Information provided.
- - - - - - -

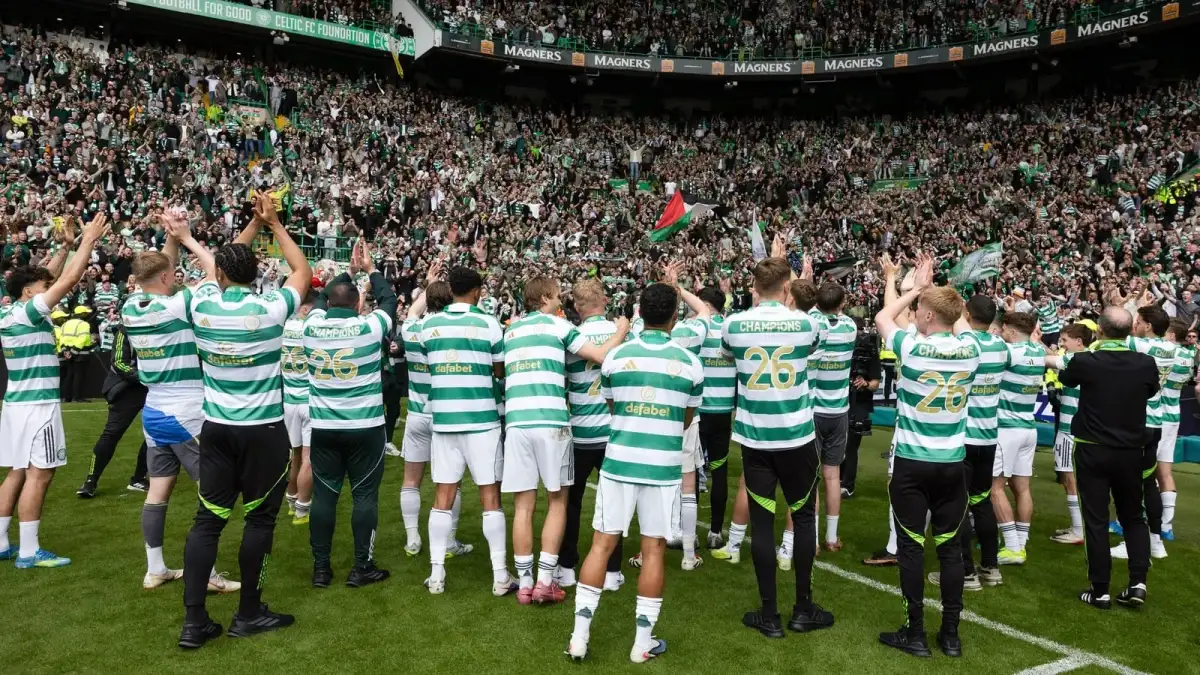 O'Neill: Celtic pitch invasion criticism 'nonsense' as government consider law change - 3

- - - - - - -

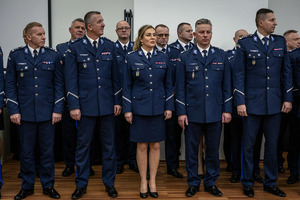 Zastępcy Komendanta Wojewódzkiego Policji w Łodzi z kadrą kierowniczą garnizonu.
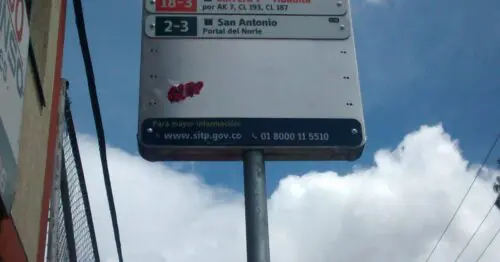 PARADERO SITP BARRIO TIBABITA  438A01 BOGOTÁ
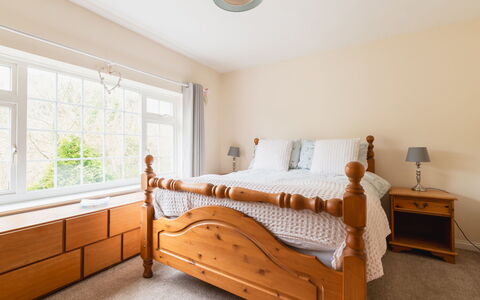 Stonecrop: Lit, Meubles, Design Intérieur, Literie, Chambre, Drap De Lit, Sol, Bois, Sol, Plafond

- - - - - - -

Of the lines above, copy only those from the one holding "PARADERO SITP BARRIO" to the one holding "Stonecrop: Lit, Meubles, Design", both included, and exclude every image.

 PARADERO SITP BARRIO TIBABITA  438A01 BOGOTÁ
 Stonecrop: Lit, Meubles, Design Intérieur, Literie, Chambre, Drap De Lit, Sol, Bois, Sol, Plafond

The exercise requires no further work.